*Prompt*
Return all of the data exactly as written, without the pictures.

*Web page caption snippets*

════

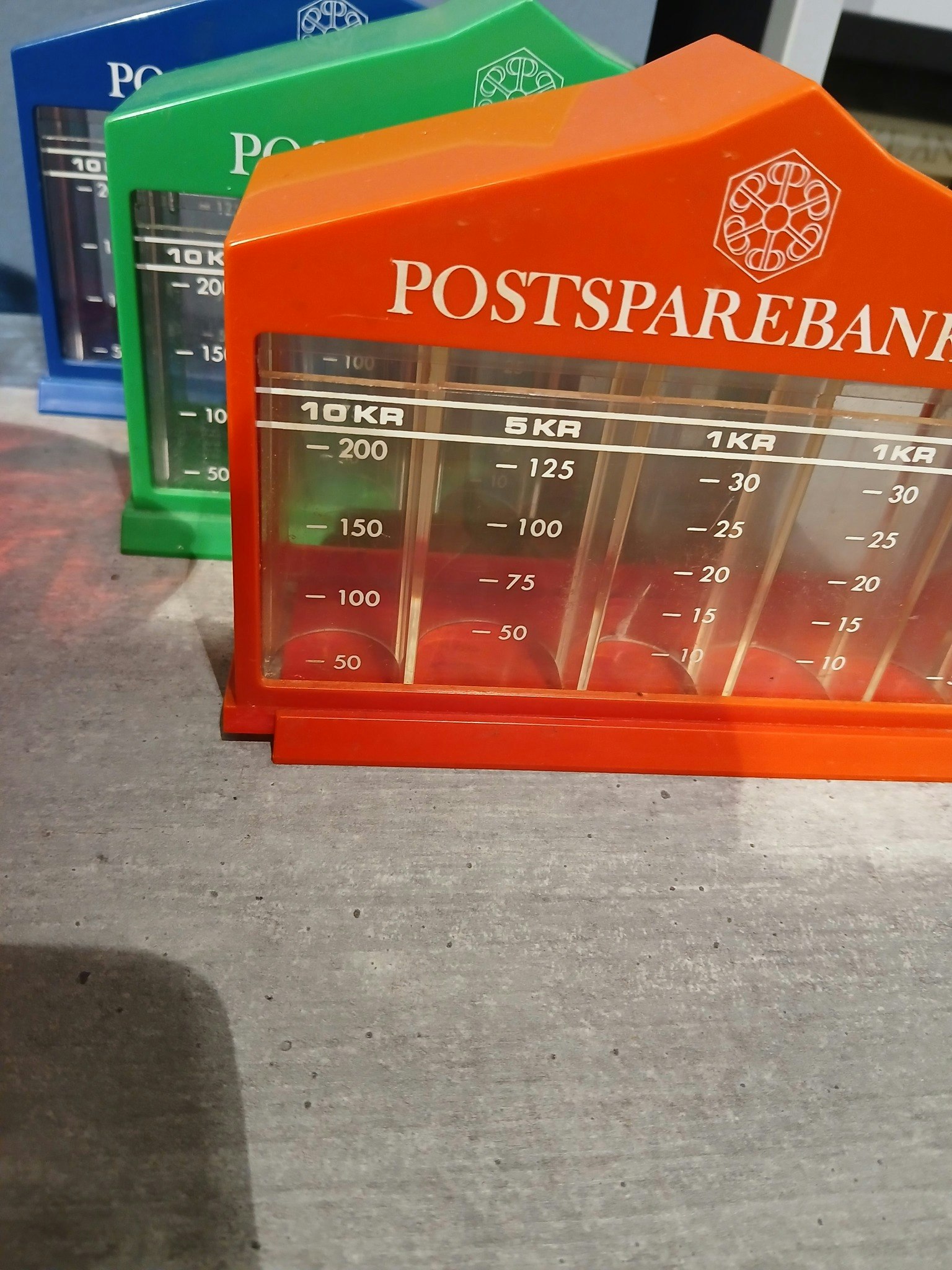 sparebøsser ,  Postsparebanken , Nordea ,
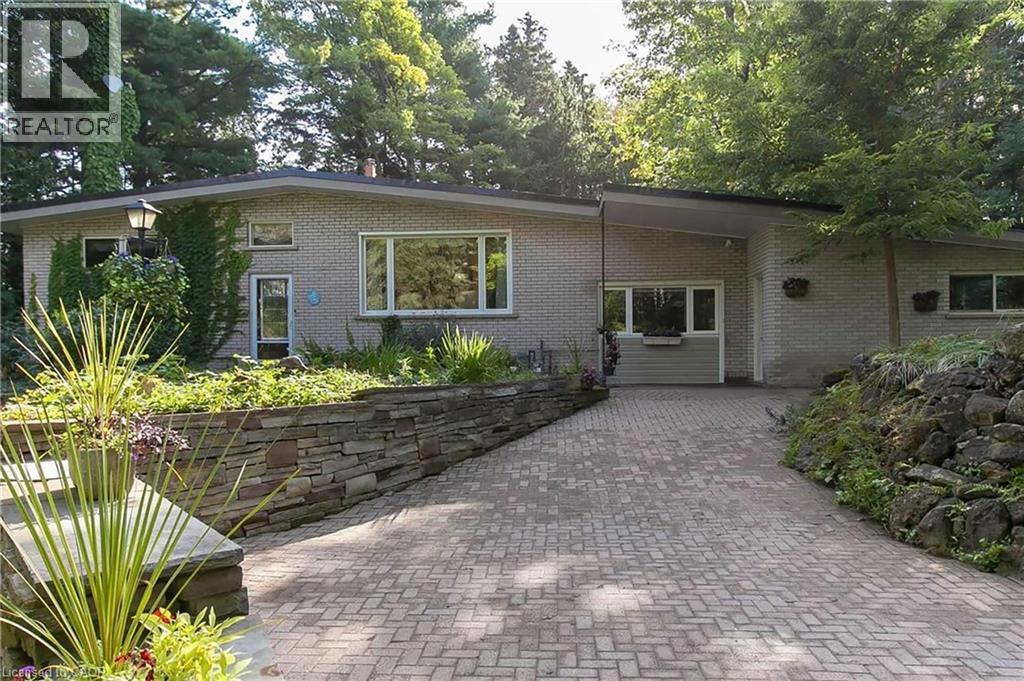 2602 NO 2 SIDE Road, Burlington, Ontario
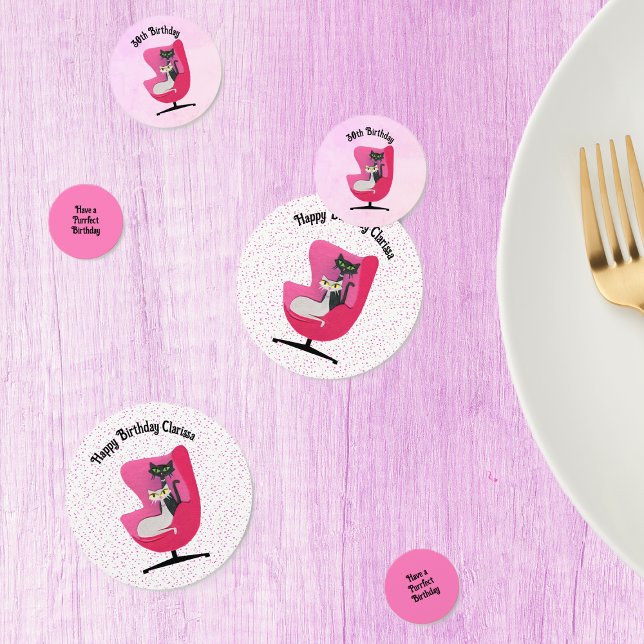 Mitte Jahrhundert Geburtstag Katzen Pink Stuhl Pol Konfetti (Cats in pink mid century chair with pink polka dots on white and pink birthday table confetti.)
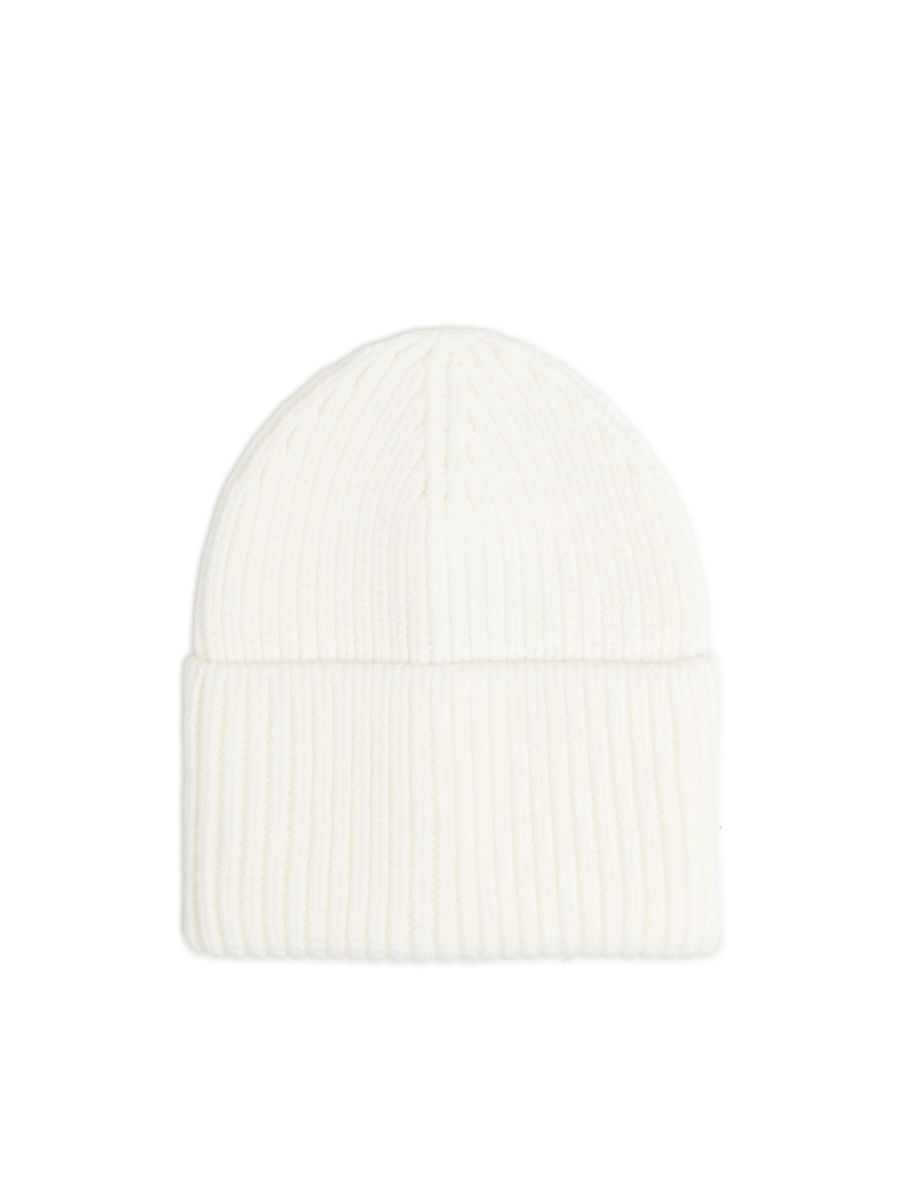 Biała czapka beanie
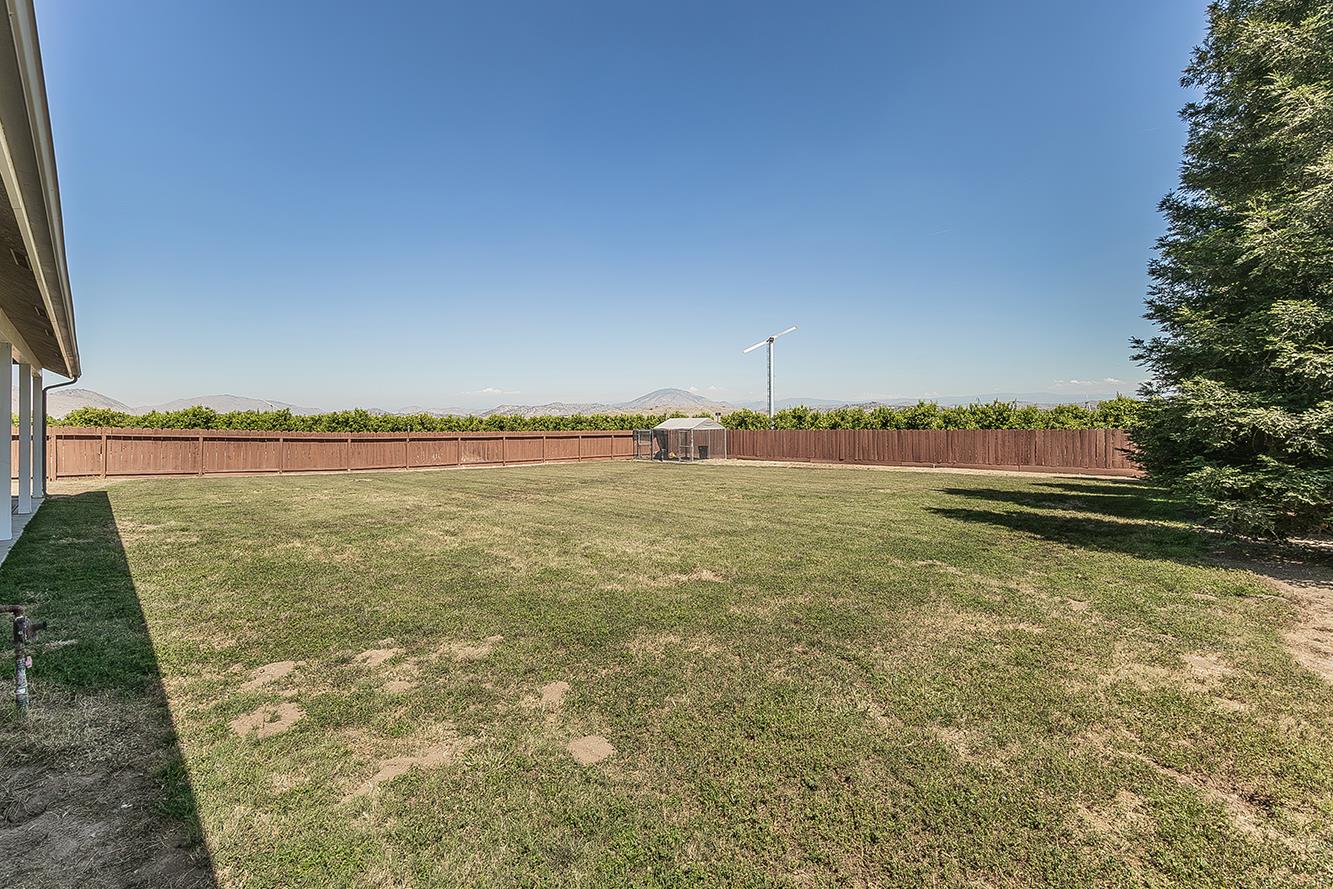 4350 Navelencia Ave, Reedley, CA 93654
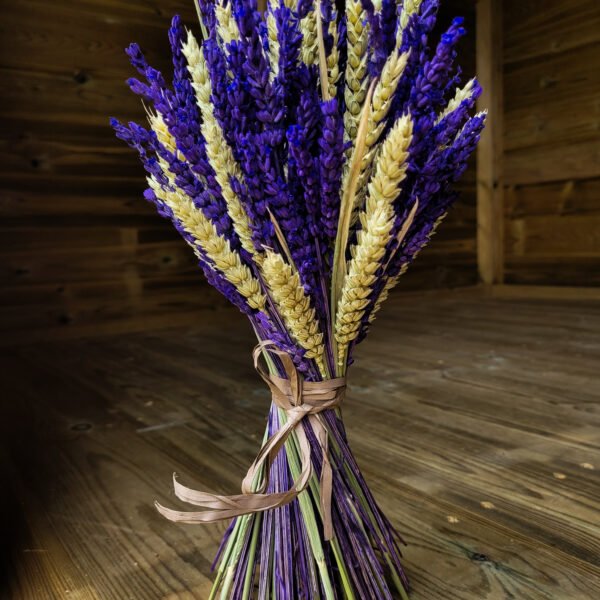 Ramo de lavanda preservada y trigo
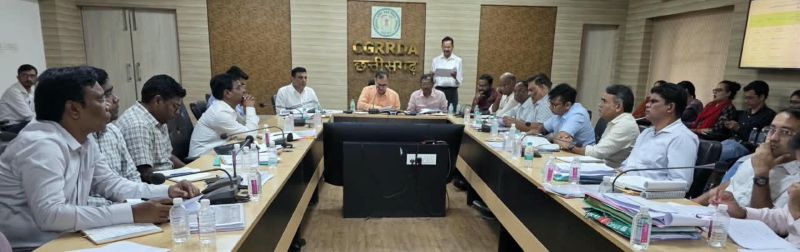 अब सड़क विकास में लापरवाही नहीं चलेगी… बस्तर के दूरस्थ और नक्सल प्रभावित रहे गांवों को जोड़ने के लिए सरकार सख्त! धीमे काम पर कार्यपालन अभियंता के खिलाफ कार्रवाई, उप अभियंता निलंबित करने के निर्देश… हर पात्र बसाहट तक सड़क पहुंचाने का संकल्प!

════

*The completed task*
 sparebøsser ,  Postsparebanken , Nordea ,
 2602 NO 2 SIDE Road, Burlington, Ontario
 Mitte Jahrhundert Geburtstag Katzen Pink Stuhl Pol Konfetti (Cats in pink mid century chair with pink polka dots on white and pink birthday table confetti.)
 Biała czapka beanie
 4350 Navelencia Ave, Reedley, CA 93654
 Ramo de lavanda preservada y trigo
 अब सड़क विकास में लापरवाही नहीं चलेगी… बस्तर के दूरस्थ और नक्सल प्रभावित रहे गांवों को जोड़ने के लिए सरकार सख्त! धीमे काम पर कार्यपालन अभियंता के खिलाफ कार्रवाई, उप अभियंता निलंबित करने के निर्देश… हर पात्र बसाहट तक सड़क पहुंचाने का संकल्प!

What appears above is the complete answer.